Animadversions on the first part of the Machina Coelestis of the honourable, learned, and deservedly famous astronomer Johannes Hevelius Consul of Dantzick; together with an explication of some instruments made by Robert Hooke, Professor of Geometry in Gresham College, and Fellow of the Royal Society, 1674.

 

4to, pp. [viii], 78 with three folding engraved plates.

 

 

First edition, very rare, of Hooke’s most confident and outspoken treatise on instrumentation, Animadversions, which derived from a lecture delivered at Gresham College on 11 December 1673 and was published the following year. “Animadversions started with a sustained and convincing exposure of the inadequacy of Hevelius’s astronomical instruments.
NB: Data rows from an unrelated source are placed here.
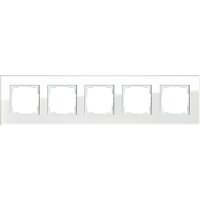 GIRA Rahmen 021512 5fach Esprit Glas weiss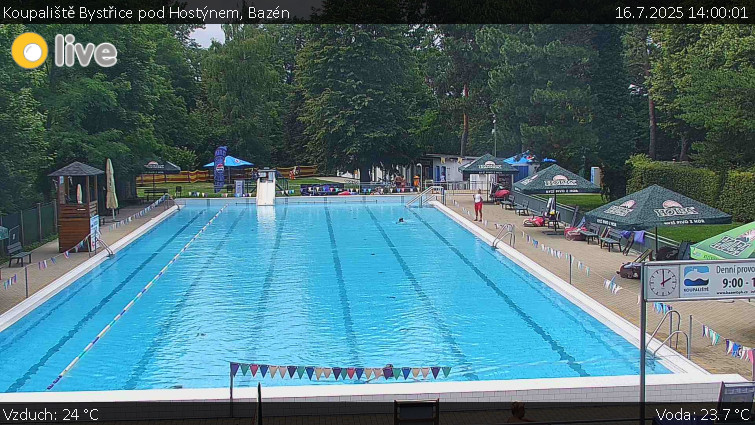 Koupaliště Bystřice pod Hostýnem - Bazén - 16.7.2025 v 14:00 Koupaliště Bystřice pod Hostýnem - Bazén - 16.7.2025 v 14:00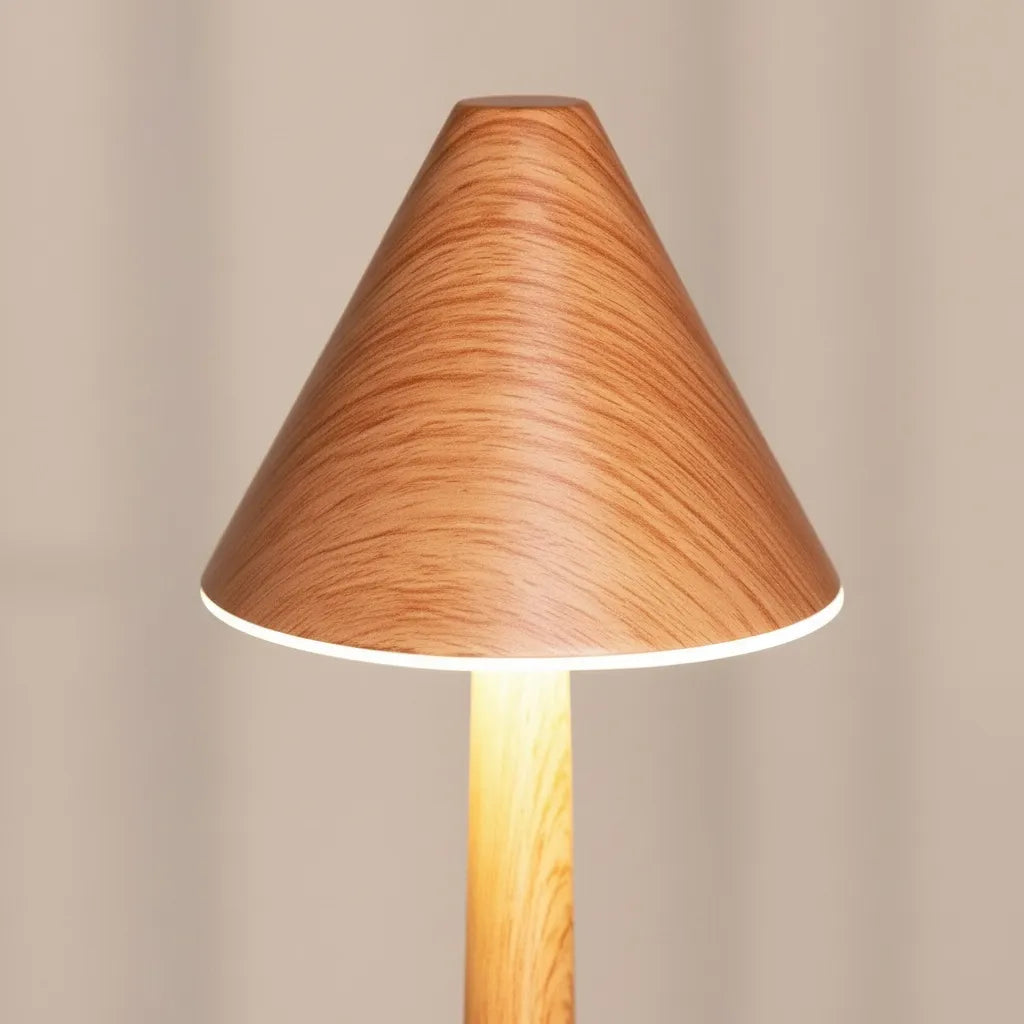 Lampe de Chevet Tactile Bois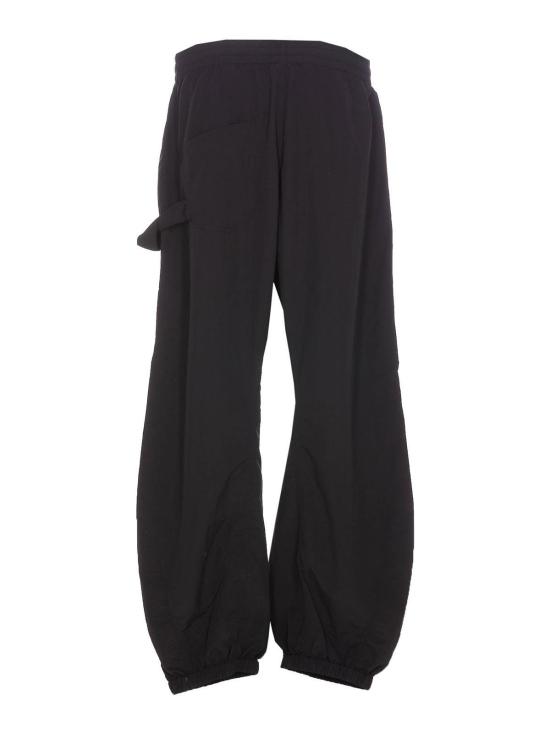  JW앤더슨 트위스트 앵커 로고 자수 조거팬츠 TR0282PG1345999 Black - JW ANDERSON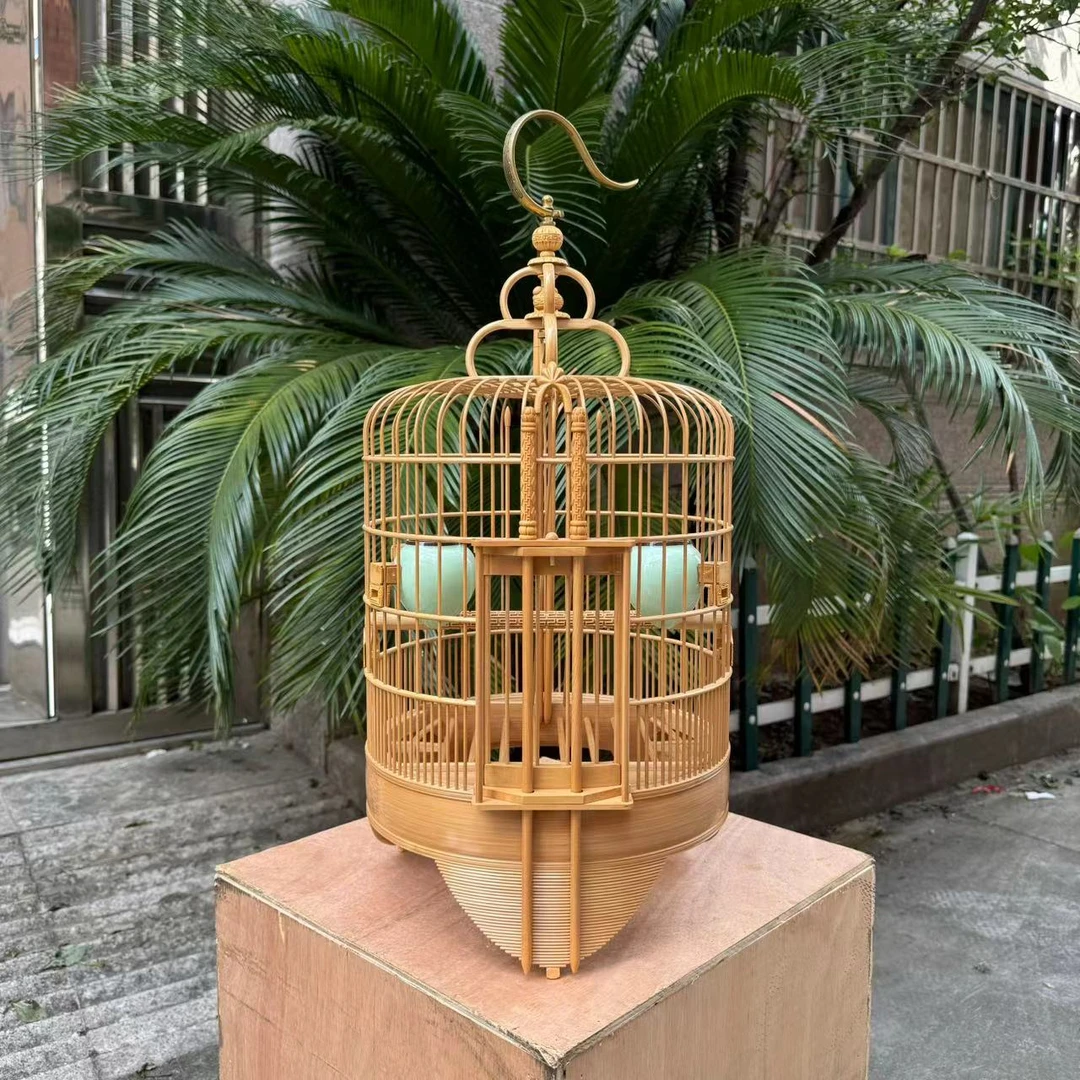 3599新款母笼28尺寸广西底托底黄杨木本色漆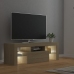 Mueble de TV con luces LED roble Sonoma 120x35x40 cm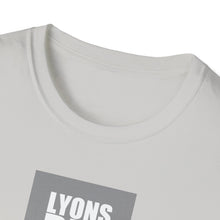Load image into Gallery viewer, Lyons Den Productions "Gray" Logo Men's Fitted Short Sleeve Tee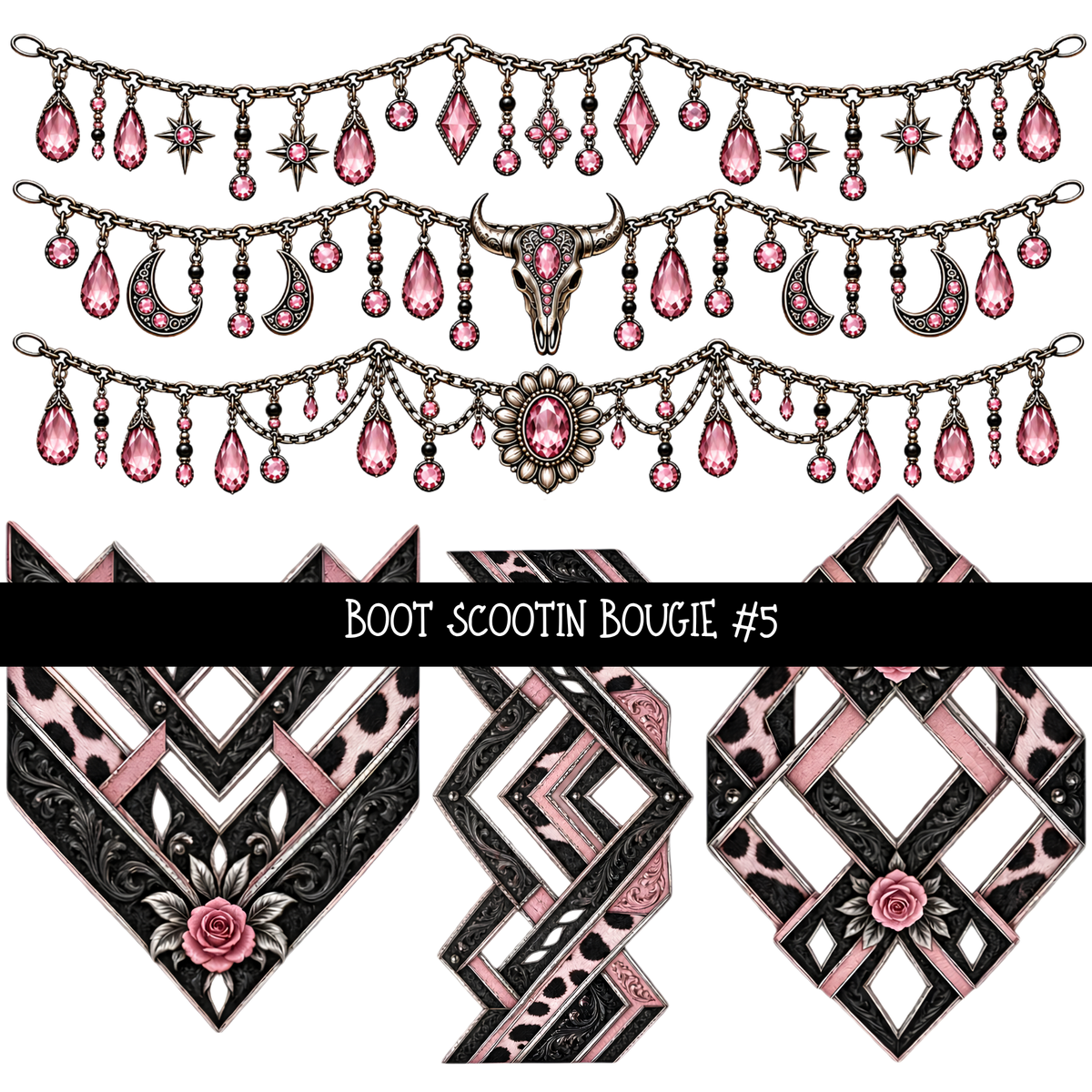 Boot Scootin Bougie - UV DTF Decal sheets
Hooke pointed out that on the arc of a brass quadrant or sextant with a six-foot radius, a minute measured only a fiftieth of an inch, and a second a three-thousandth of an inch, which no man living could distinguish with his naked eye … Plainly, he argued, instruments could not be more accurate than their least accurate component, and all the care that Hevelius had devoted to marking the divisions on his instruments, refining his plumb lines, improving his sights and increasing the scale and rigidity of his quadrants counted for little, ‘since the power of distinguishing by the naked eye is that which bounds and limits all the other niceness [precision]’. In short, Hevelius’s instruments were no more accurate than those used by Tycho Brahe almost a hundred years earlier, and all his achievements were undermined by his use of plain sights. Nothing that Hevelius had written could explain his strange resistance to telescopic sights, whose value Hooke had painstakingly explained to him in the 1660s” (Inwood, The Man Who Knew Too Much (2002), p. 180).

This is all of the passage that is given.